В принципе, это тоже было нормально. У сотрудников, проработавших хотя бы несколько лет, иногда скапливаются изъятые по делам и невостребованные документы, которые полагается отправлять в паспортные столы, да только всем лень это делать. Но, заглянув в ящик, мы без труда нашли среди паспортов документ на имя Донцовой Евдокии Степановны. Я открывала документы пилкой для ногтей, чтобы не оставить своих следов.

— Упакуйте, пожалуйста, аккуратно, на пальчики, — попросила я криминалиста. — Особенно вот этот, на имя Донцовой.

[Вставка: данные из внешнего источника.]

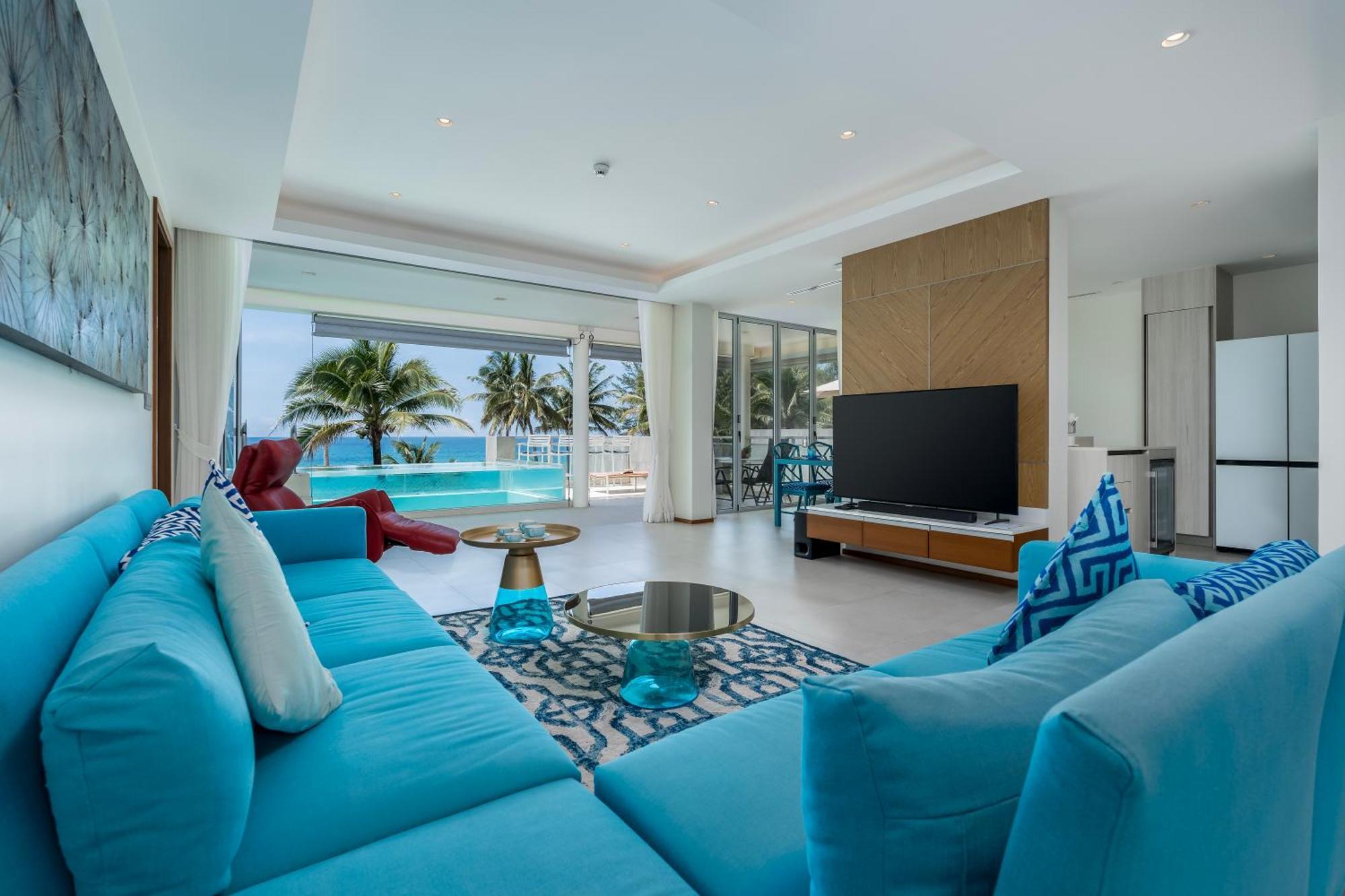 Apartment Weg Elite Beachfront Phuket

Ружья, пули и паспорта Донцовой хватило для того, чтобы арестовать Спивака. В даче санкции на арест Захарова суд нам отказал, несмотря на то, что у бывшего свидетеля, а ныне подозреваемого, Горобца дома выгребли целую фонотеку микроаудиокассет: старательный охранник вовсю писал своего шефа… Из этой самой фонотеки мы почерпнули и обстоятельства приезда в Москву Нагорного после убийства его жены, — Горобец умудрился записать разговор между Карапузом и Нагорным. Догадавшись, откуда ноги растут, кто заказал стрельбу с чердака в ресторанное окно, Нагорный в панике прискакал к Карасеву в Москву (слушая запись, я мысленно обругала себя: ведь Кораблев мне сразу сказал, что Карапуз стал искать Нагорного после возвращения из Москвы, но я, тупица, не связала факт нахождения в Москве Карасева со стремительным броском туда же Нагорного в день покушения).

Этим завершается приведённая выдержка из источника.